| WHAT TO PRODUCE |
Only one stretch of the material below is wanted: everything from the line containing "Wonder Pies case" down to the line containing "Gorgeous Vintage Clear", both ends included. Repeat it exactly and skip the pictures.

| DATA EXTRACTS |
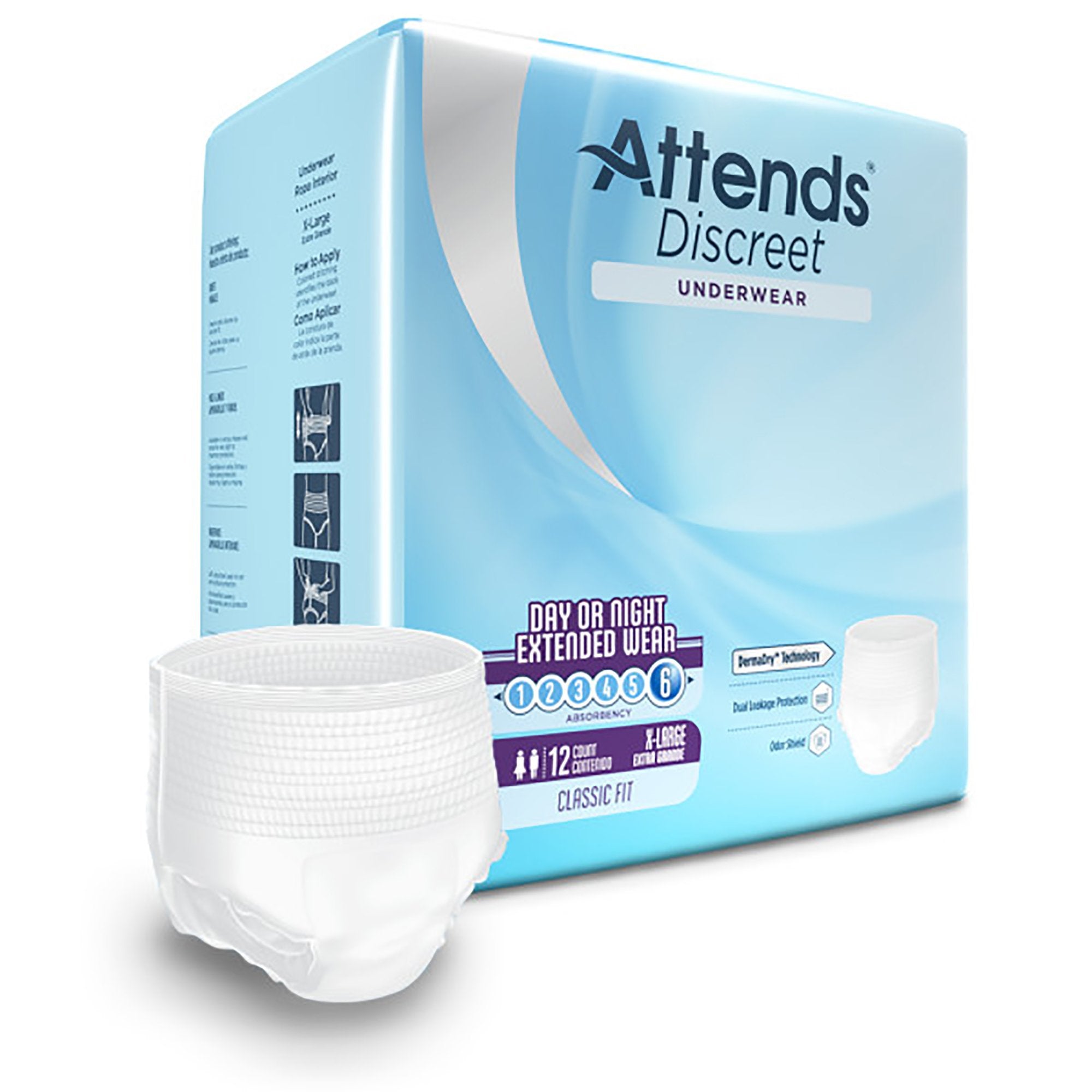 Attends Extended Disposable Overnight Wear Briefs, Heavy Absorbency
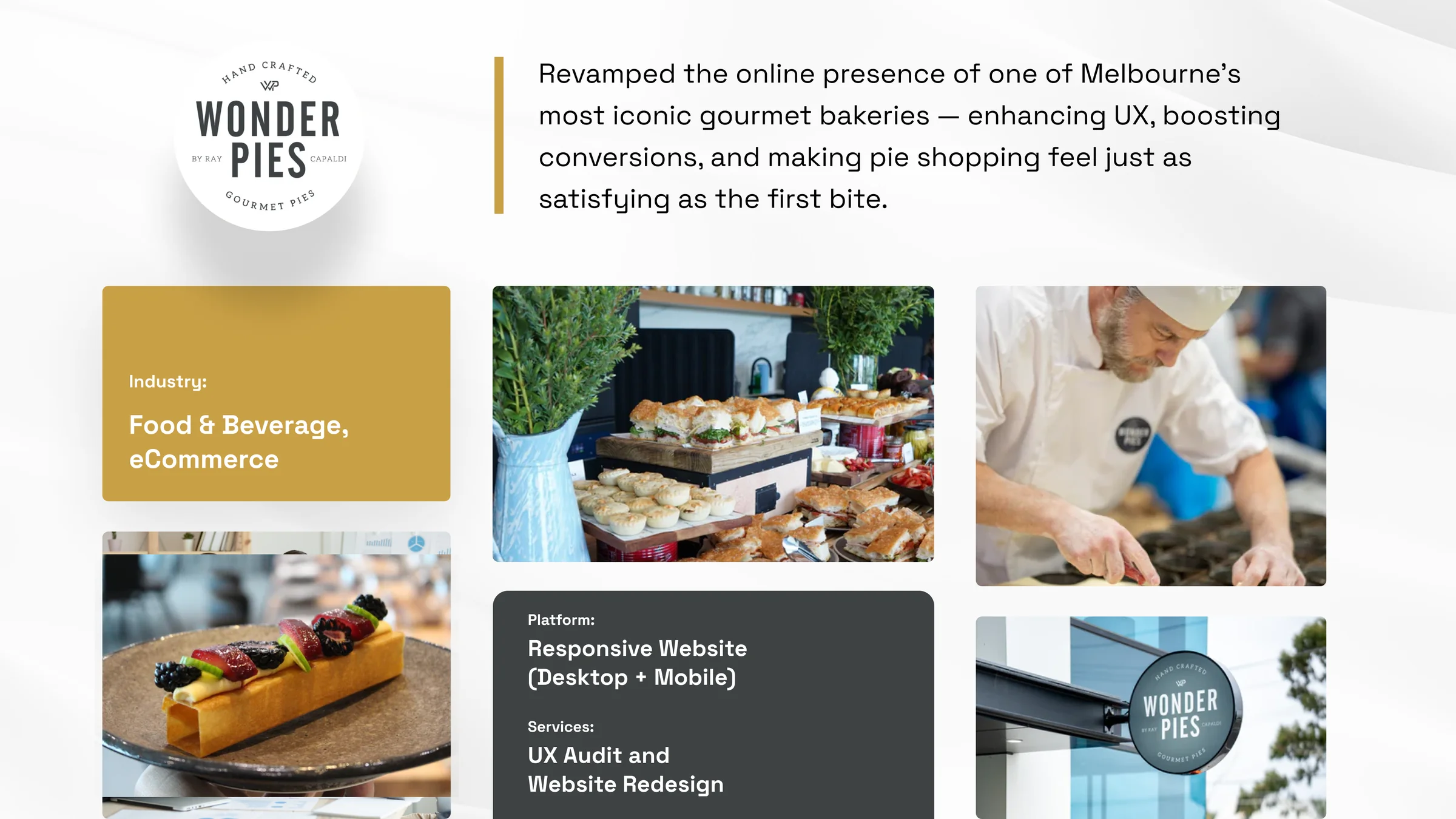 Wonder Pies case study overview: industry, platform and services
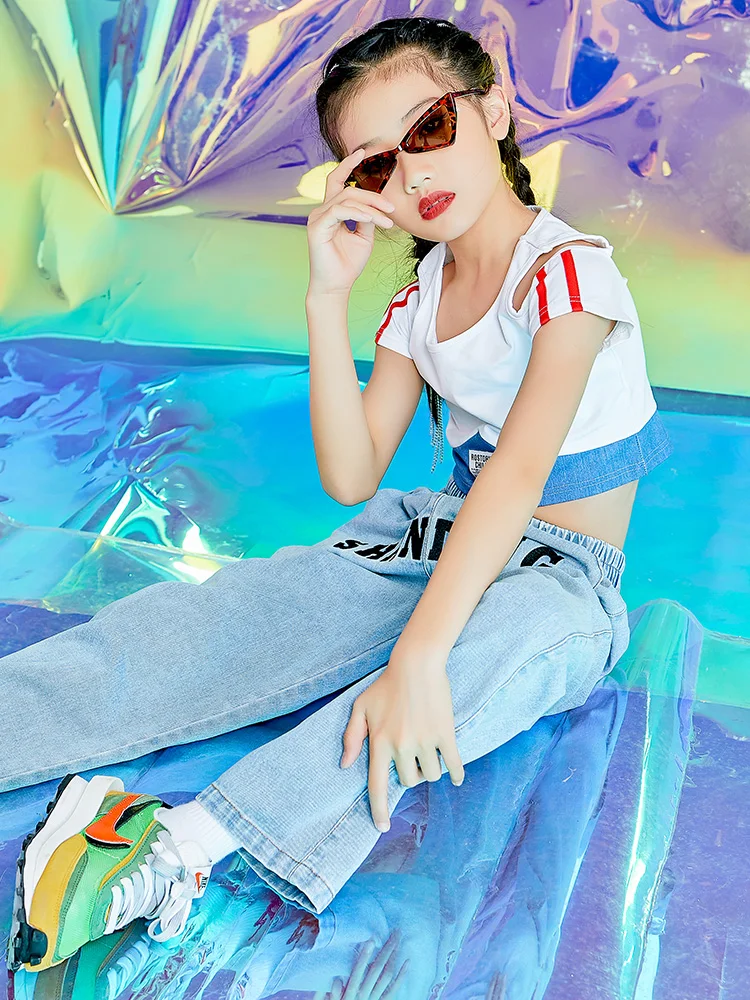 New Children's Street Dance Clothes For Girls Jazz Costumes Tops Denim Hip Hop Pants Jazz Performance Rave Wear WD0034
New Children's Street Dance Clothes For Girls Jazz Costumes Tops Denim Hip Hop Pants Jazz Performance Rave Wear WD0034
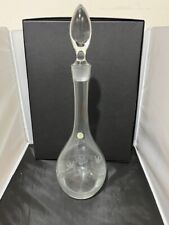 Gorgeous Vintage Clear floral embossed etched decanter made in Romania EUC picture
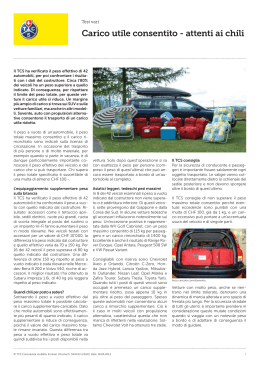 Carico utile consentito - attenti ai chili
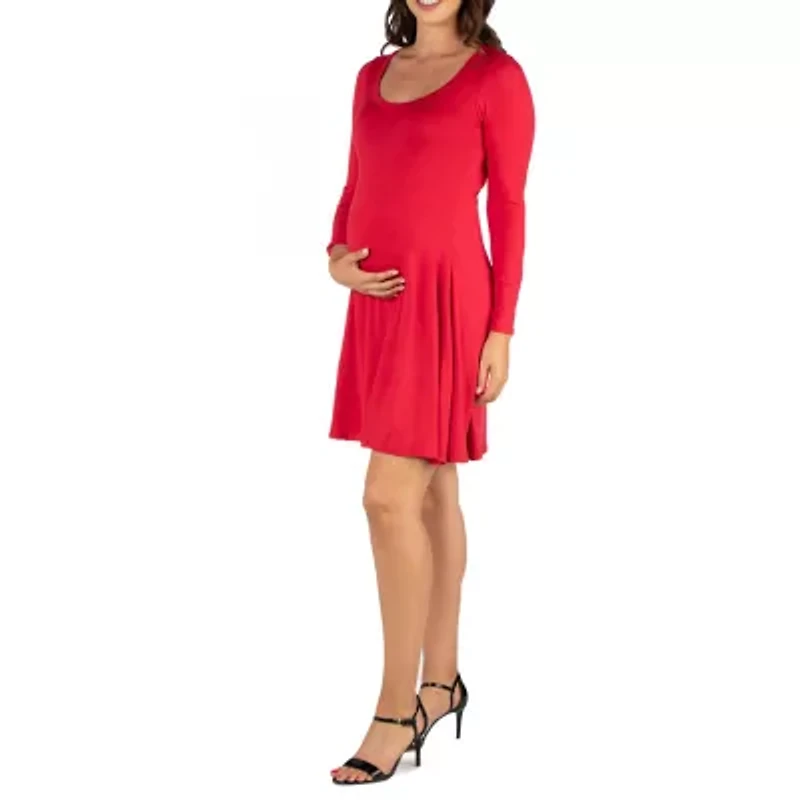 24seven Comfort Apparel Womens Maternity Scoop Neck Long Sleeve A-Line Dress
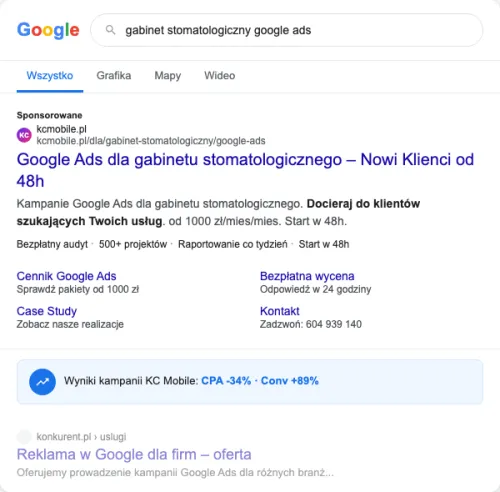 Przykładowa kreacja reklamowa – Google Ads dla gabinetu stomatologicznego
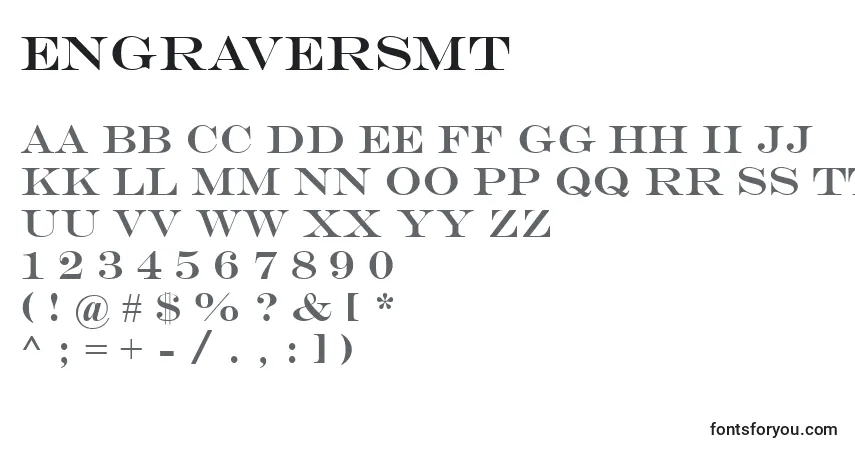 Czcionka EngraversMt – alfabet, cyfry, specjalne znaki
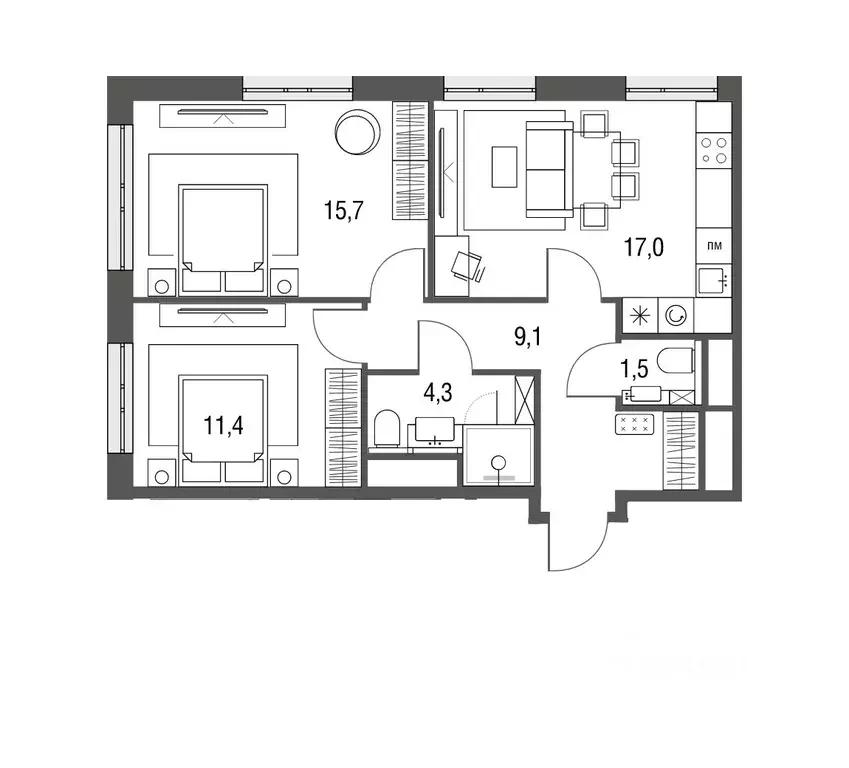 3-к кв. Москва Тагильская ул., 2к1 (59.0 м) - Фото 0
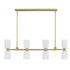 Baldwin 8-Light Linear Chandelier in Noble Brass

| EXERCISE ANSWER |
 Wonder Pies case study overview: industry, platform and services
 New Children's Street Dance Clothes For Girls Jazz Costumes Tops Denim Hip Hop Pants Jazz Performance Rave Wear WD0034
New Children's Street Dance Clothes For Girls Jazz Costumes Tops Denim Hip Hop Pants Jazz Performance Rave Wear WD0034
 Gorgeous Vintage Clear floral embossed etched decanter made in Romania EUC picture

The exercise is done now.